The bank will be funded by putting an initial £2 billion of capital - 1.3 per cent of GDP - into the bank, described by Mr Mackay as "an ambitious, but achievable level of funding" without putting off private investors.

"We need to see a transformational change in Scotland's economy," he said, with growth at half the rate of the rest of the UK "resulting in a record fiscal deficit in Scotland higher than any other country in Europe".

Mr Lockhart added: "The ongoing confusion, clutter, duplication and lack of alignment which characterises this Government's approach to the economy means there is a real risk the bank will fail to meet its ambitious objectives."

On the issue of cost, he said: "The Scottish taxpayer (would be) spending £150 million a year in running costs before a single penny is invested in the economy so we need to ensure we see a real return on this investment."

Scottish Labour leader Richard Leonard called for the project to focus on more than just making profits.

He said: "The purpose of the bank that we will create with this legislation cannot simply be about the best rate of financial return alone.

"It must be ethical. It must take account of the strategic interests of the wider economy like the urgent need to tackle climate change.

"It must be empowered to build a more equal and democratic society. It must be on the side of the people."

Mr Leonard said Scottish Labour plans for a UK-wide investment bank would invest £20 billion, arguing the investment from the Scottish Government was "not ambitious enough".

Criticising an economy "run in the interests of private capital and not for the people", Scottish Greens MSP Andy Wightman said: "It's been refreshing in recent years to see an increasingly positive case being made for an economy where the public interest is placed more at the heart of public policy."

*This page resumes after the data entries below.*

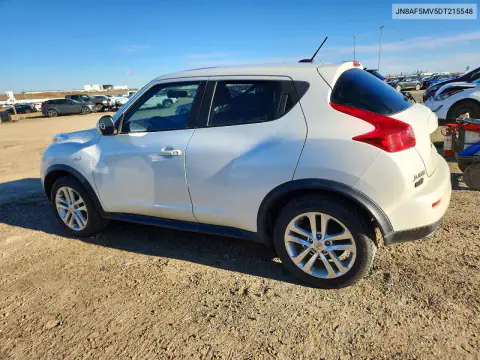 JN8AF5MV5DT215548 — 2013 Nissan Juke, фото 2 с аукциона Copart 22.10.2026, Передняя часть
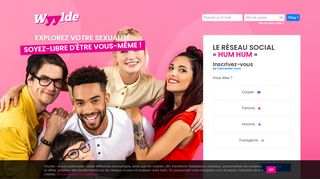 
                            8. Rejoignez Wyylde.com, Le 1er réseau social pour les rencontres ...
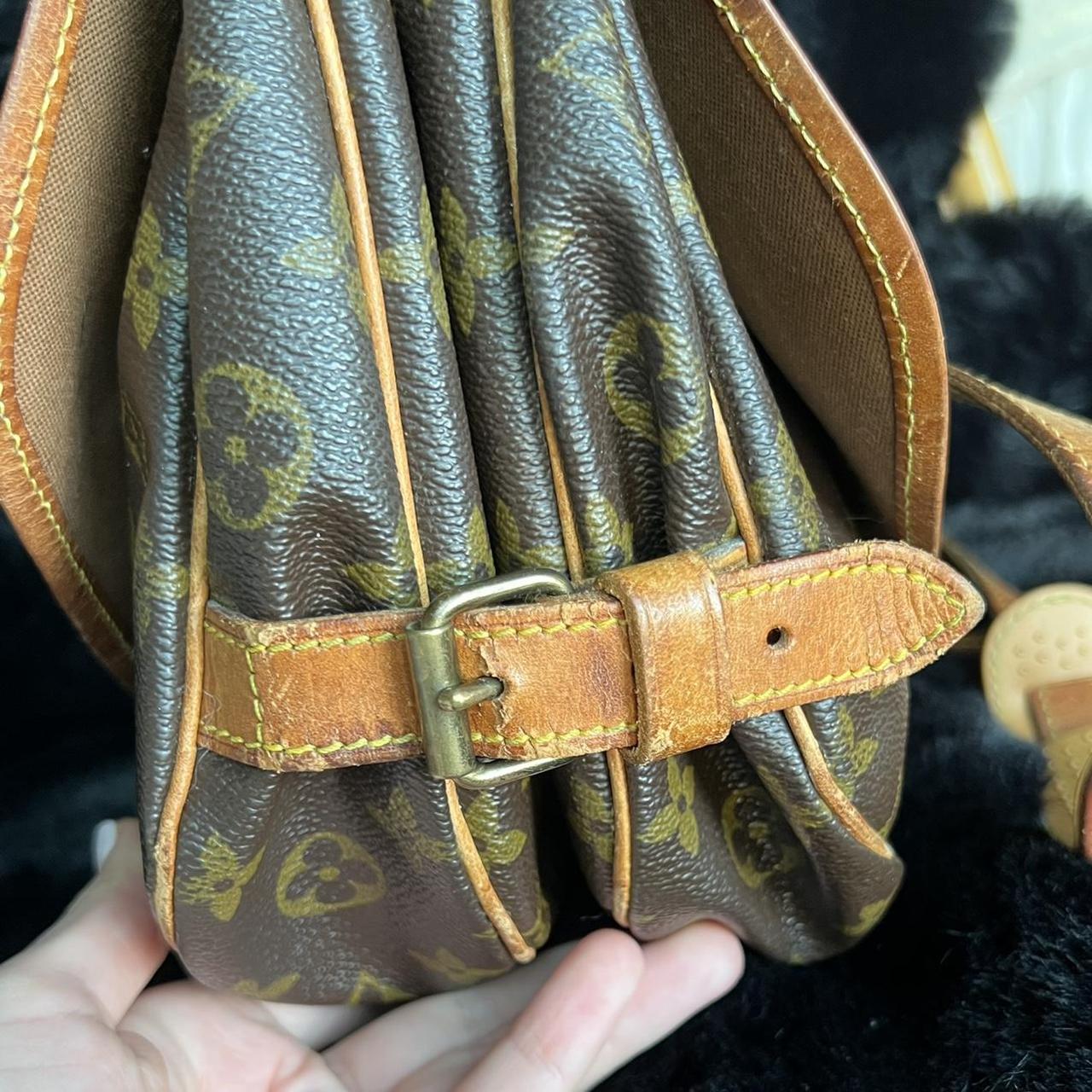 Louis Vuitton Saumur Cross Body bag. Straps and - Depop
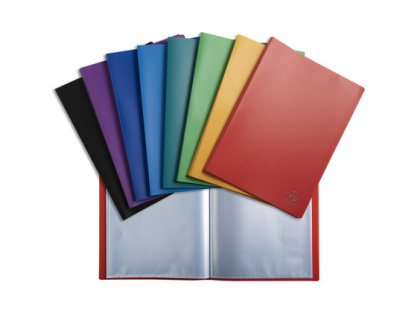 Protge-documents en polypropylne souple OPAK 60 vues - A4 - Couleurs assorties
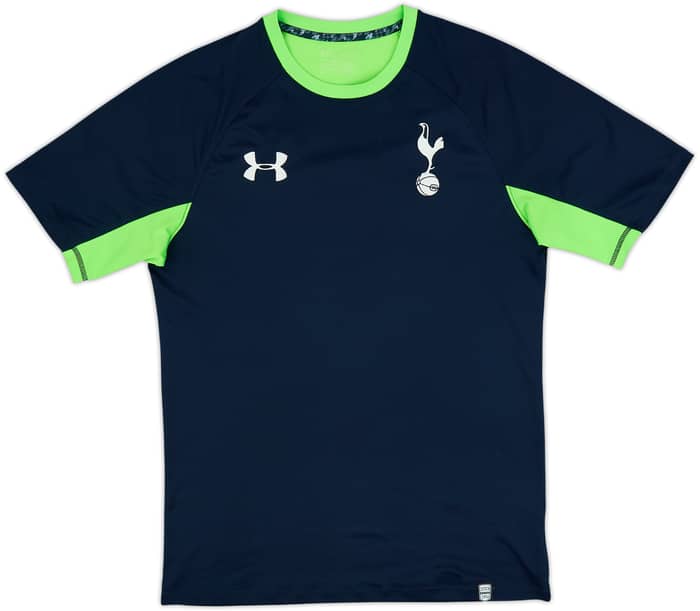 2013-14 Tottenham Hotspur Under Armour Training Shirt - 8/10 - (S)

Mr Wightman said the investment bank would be "central" to delivering the Green New Deal his party has devised in recent weeks.

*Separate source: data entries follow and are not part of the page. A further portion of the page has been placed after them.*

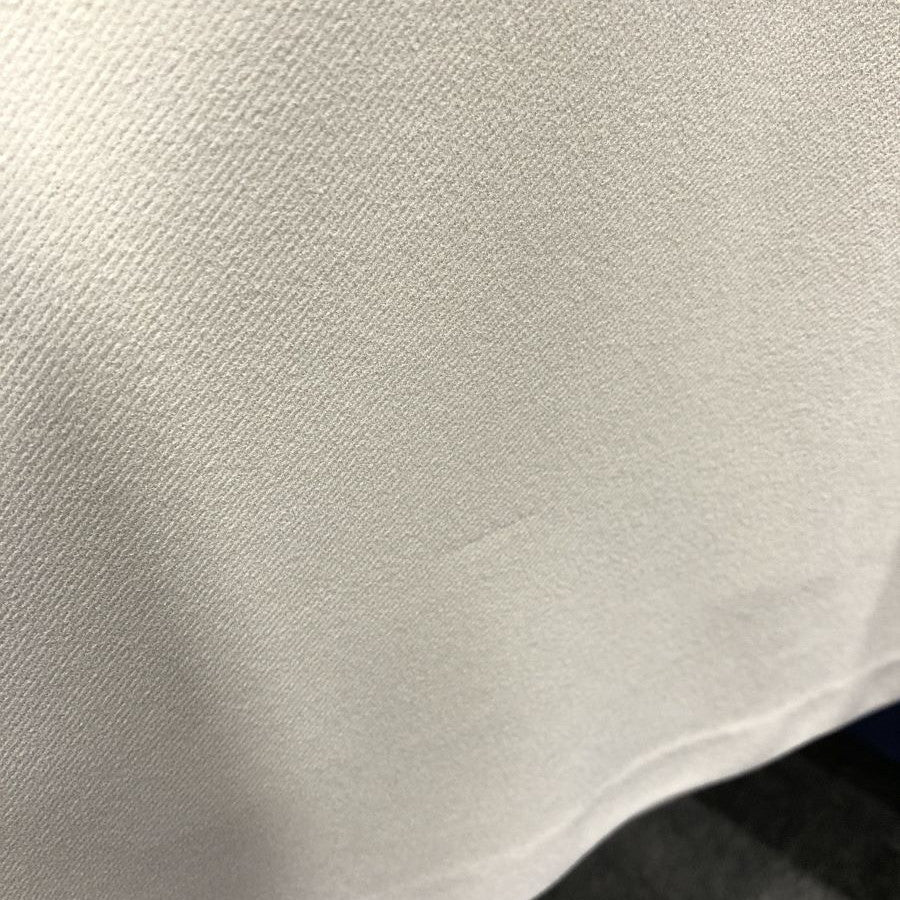 胸元パールワンピース(Lサイズ/ベージュ/jour merveille(ジュール メルベイユ))USED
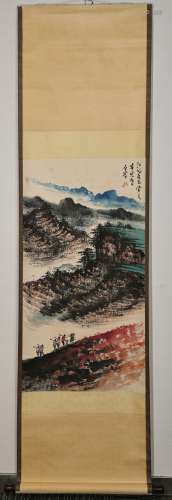 ANCIENT CHINESE PAINTING AND CALLIGRAPHY-SHILU MARK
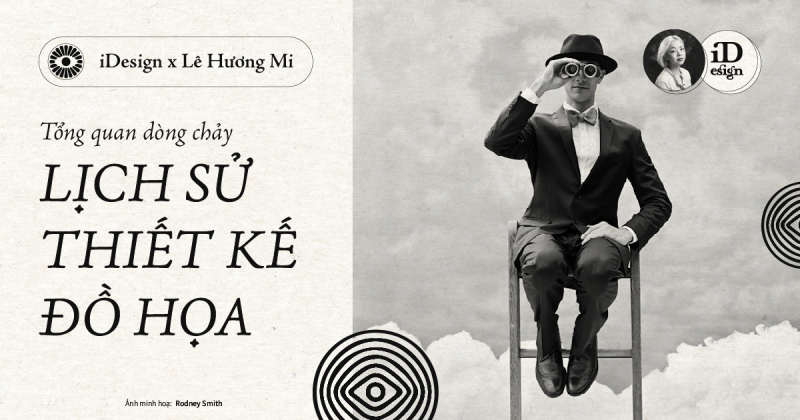 Tổng quan dòng chảy lịch sử thiết kế đồ hoạ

He said achieving net-zero emissions should be a goal specifically laid out in the Bill, as well as allowing local government to have an ownership stake in the bank and ensuring its missions are subject to parliamentary approval.

Scottish Liberal Democrat Leader Willie Rennie said he also believed the bank should be used mainly to tackle climate change.

He told the chamber: "The Programme for Government rightly set out tackling climate change as a key aim of the bank but that needs to be clearly set out in the legislation underpinning it.

"As Friends of the Earth pointed out, the bill doesn't mention climate change once.

"The bank needs to focus, not just on fixing market failures, but creating and shaping new markets and tackling societal changes.

"There is no bigger challenge than the climate emergency, and the bank needs to help drive the transition away from carbon industries."